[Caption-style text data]
---+---

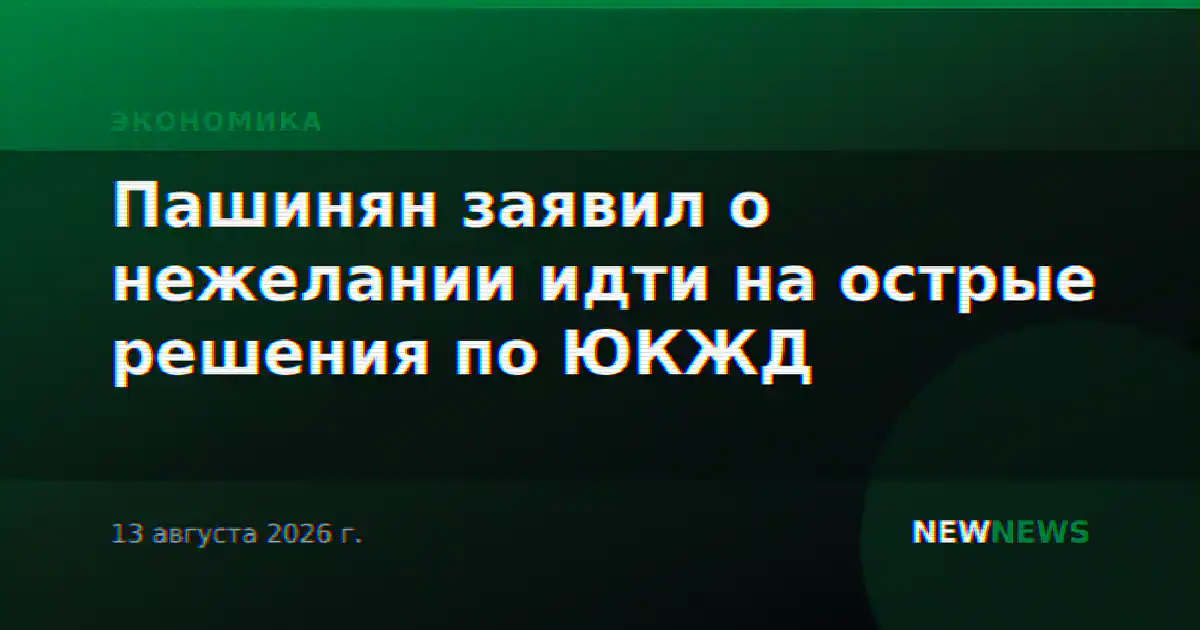 Пашинян заявил о нежелании идти на острые решения по ЮКЖД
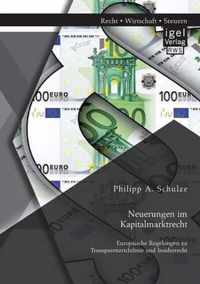 Neuerungen im Kapitalmarktrecht. Europaische Regelungen zu Transparenzrichtlinie und Insiderrecht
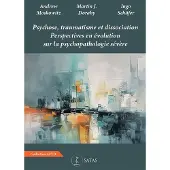 Satas PSYCHOSE TRAUMATISME ET DISSOCIATION PERSPECTIVES EN EVOLUTI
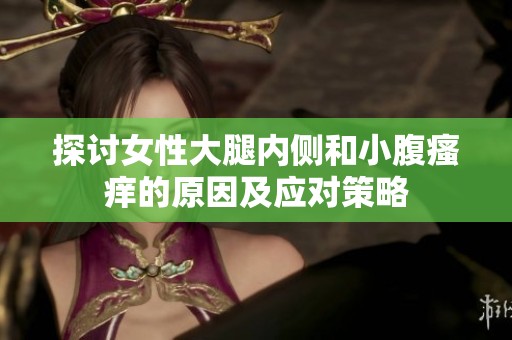 探讨女性大腿内侧和小腹瘙痒的原因及应对策略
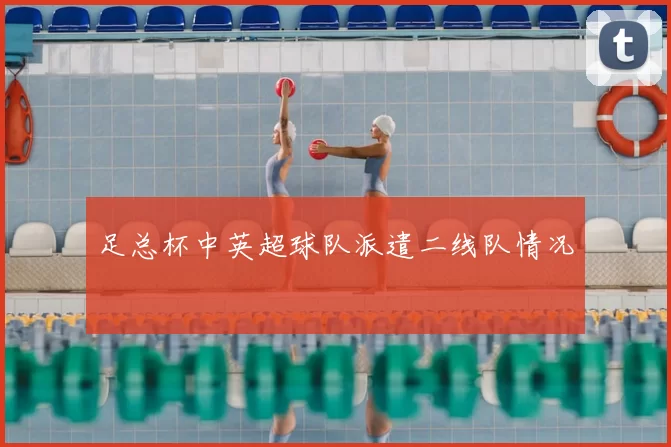 足总杯中英超球队派遣二线队情况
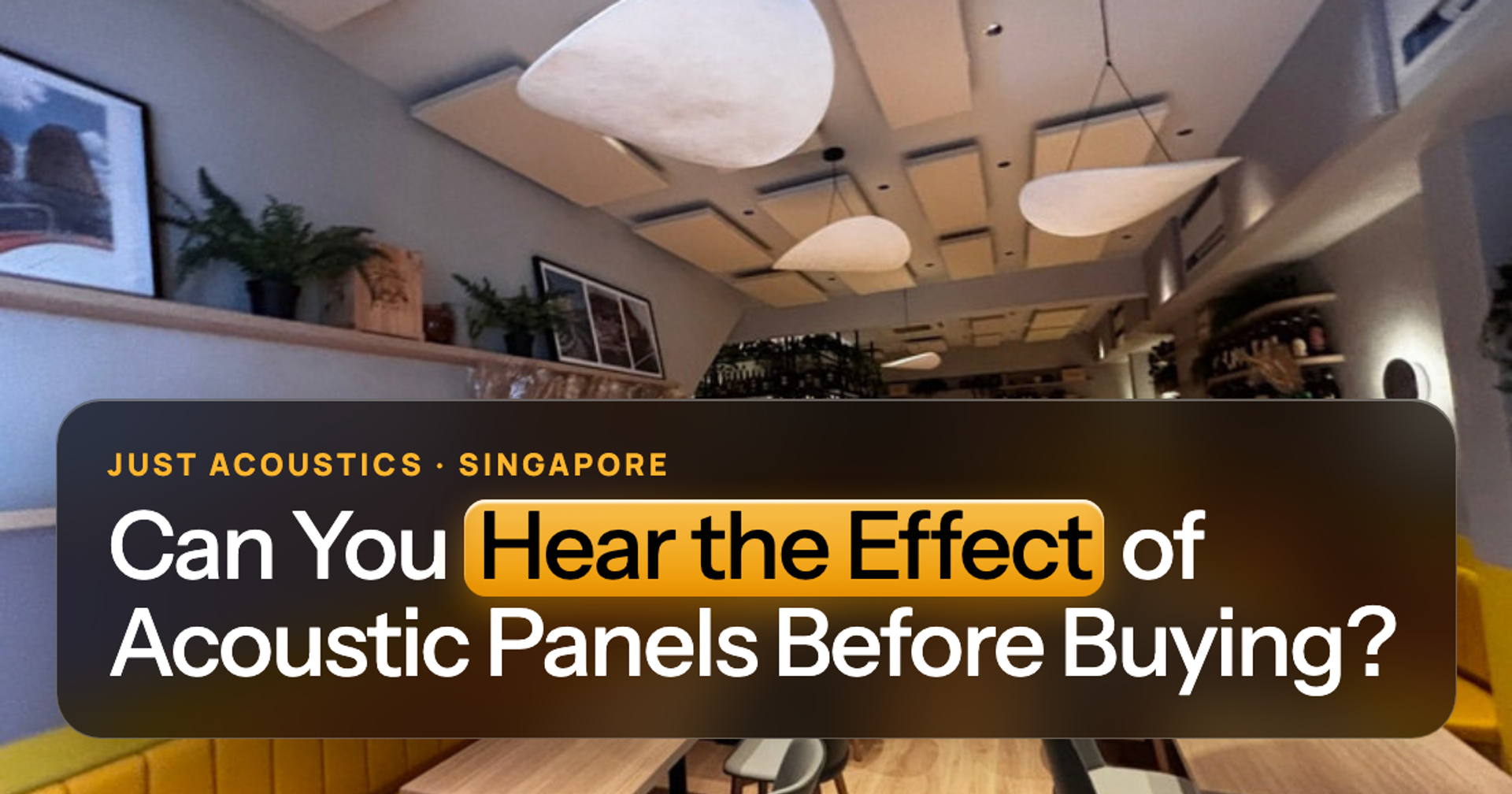 Restaurant with acoustic panels where the difference can be heard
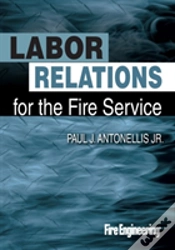 Capa do artigo Labor Relations For The Fire Service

---+---

— PROBLEM REQUIREMENTS —
Output every record verbatim, skipping images.

— RESULT —
 Пашинян заявил о нежелании идти на острые решения по ЮКЖД
 Neuerungen im Kapitalmarktrecht. Europaische Regelungen zu Transparenzrichtlinie und Insiderrecht
 Satas PSYCHOSE TRAUMATISME ET DISSOCIATION PERSPECTIVES EN EVOLUTI
 探讨女性大腿内侧和小腹瘙痒的原因及应对策略
 足总杯中英超球队派遣二线队情况
 Restaurant with acoustic panels where the difference can be heard
 Capa do artigo Labor Relations For The Fire Service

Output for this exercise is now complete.